食べ物はどうかというと、中華料理は油を多く使うので、長期滞在で外食の多い人は胃腸をこわすことが多いが、息子がいるおかげで、私はほとんどの食事を家で摂り、たまの外食でも、全てがおいしいと感じられた。息子も、幼稚園の中華式給食を問題なく食べていたようだ。
 私はもともと胃腸が弱く、日本ではほぼ毎日腹痛を起こしていた。ところが、上海に行くとお腹の具合がいい。体調がよく、偏頭痛もしなくなっていた。
 上海で私たちは初めて、「日本豆腐」なるものを食べた。何と説明すればいいんだろう?揚げ出し豆腐の小さい版。それが豆腐なのかどうかわからないが、一口サイズのそれを揚げた上に、あんかけのだしがかかっていて、下には野菜がしいてある。中国東北の料理と聞いたが、結構ポピュラーなおかずらしく、たいていの店のメニューに載っていた。日本とどういう関係があるのか知らないが、「日本豆腐」は私の好物のひとつになった。

トイレ
 中国のトイレと聞くと、ドアがない、と想像する人も多いだろうが、幸い上海ではそのようなトイレにお目にかかったことはない。
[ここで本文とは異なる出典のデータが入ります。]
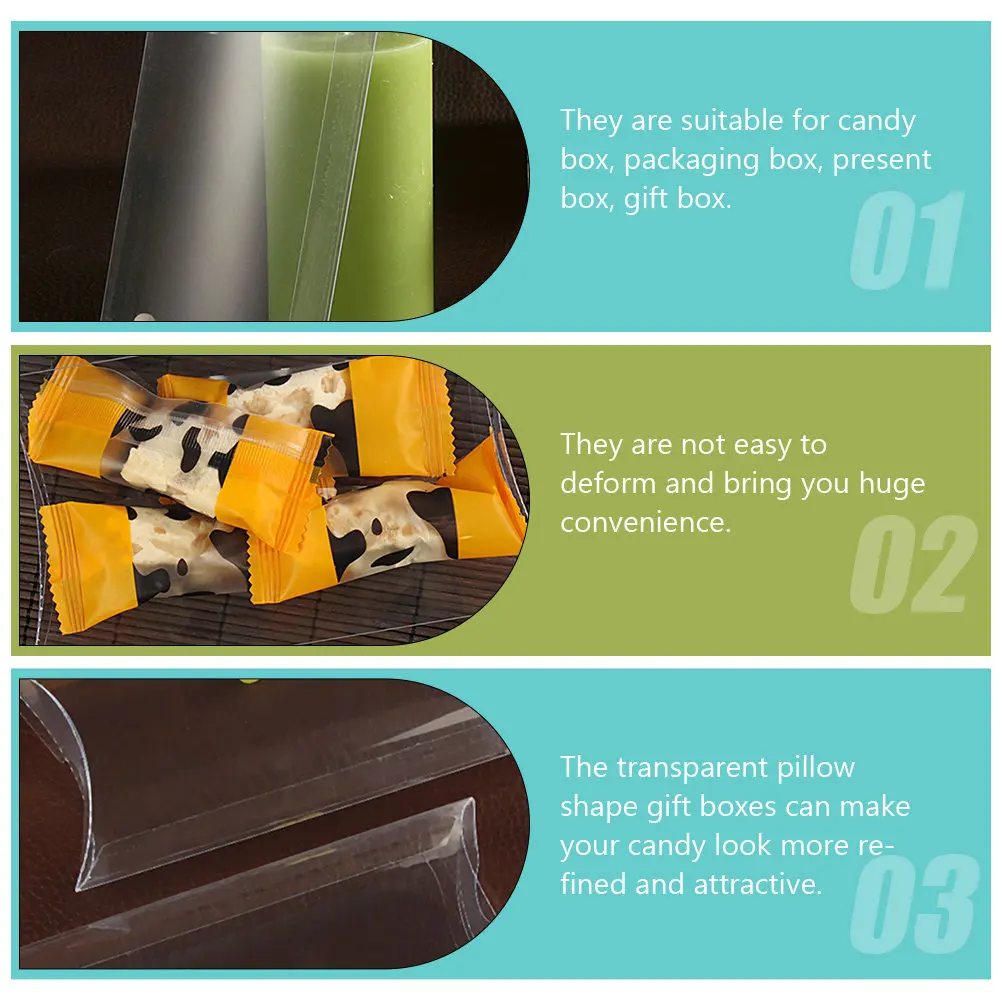 

50 шт. уникальных прозрачных коробок для конфет в форме подушки, тщательно обработанные, подарочные коробки для хранения сладостей, печенья, шоколада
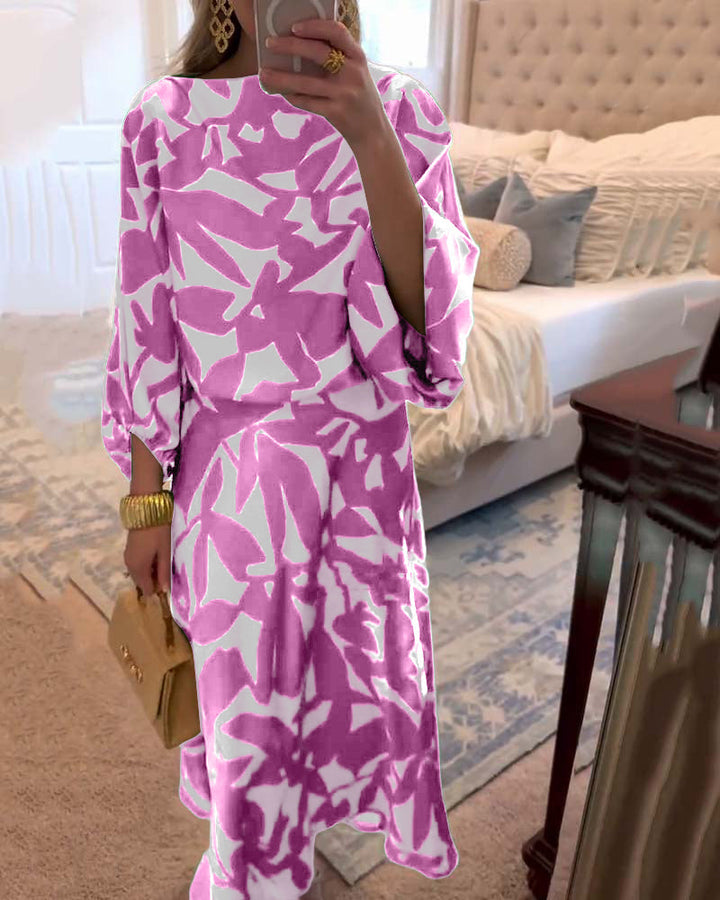 Comfortable and stylish women's printed two-piece set with flowy lantern sleeves.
しかし。人口が多いせいか、マナーが悪いせいか、スーパーや百貨店のトイレはいつも不衛生だった。
 それに扉があるのに開けっ放しだったり、閉めてもカギをかけなかったり、カギが壊れていたり。中国の和式トイレは日本と逆でドアの方に向かって座っている。知らずに開けて気まずい思いをするのは、いつも私のほうだった。彼女たちは、悲鳴をあげるでもなく、文句を言うでもなく、何の反応もない。
 トイレのついでにおしりの話もしよう。中国では、おむつをする習慣があまりないのか、ほとんどの幼児が「しりわれズボン」をはいている。その名の通り、ズボンの後方に大きく切れ目が入っている。したい時にすぐ用が足せるようになっているのだ。結果、中国では、トイレトレーニングに頭を悩ますママが少ない?らしい。話には聞いていたけど、まさか大都市の上海でもお目にかかれるとは思っていなかった。特に珍しくもないらしく、あちこちで見かけた。私は小さい子供を見かけるとすぐ、おしりをチェックしてしまう。息子と「おしり、出てる?あ、出てる、出てる。やっぱりはいてるんや、しりわれパンツ。」と、いつも二人で釘付けになっていた。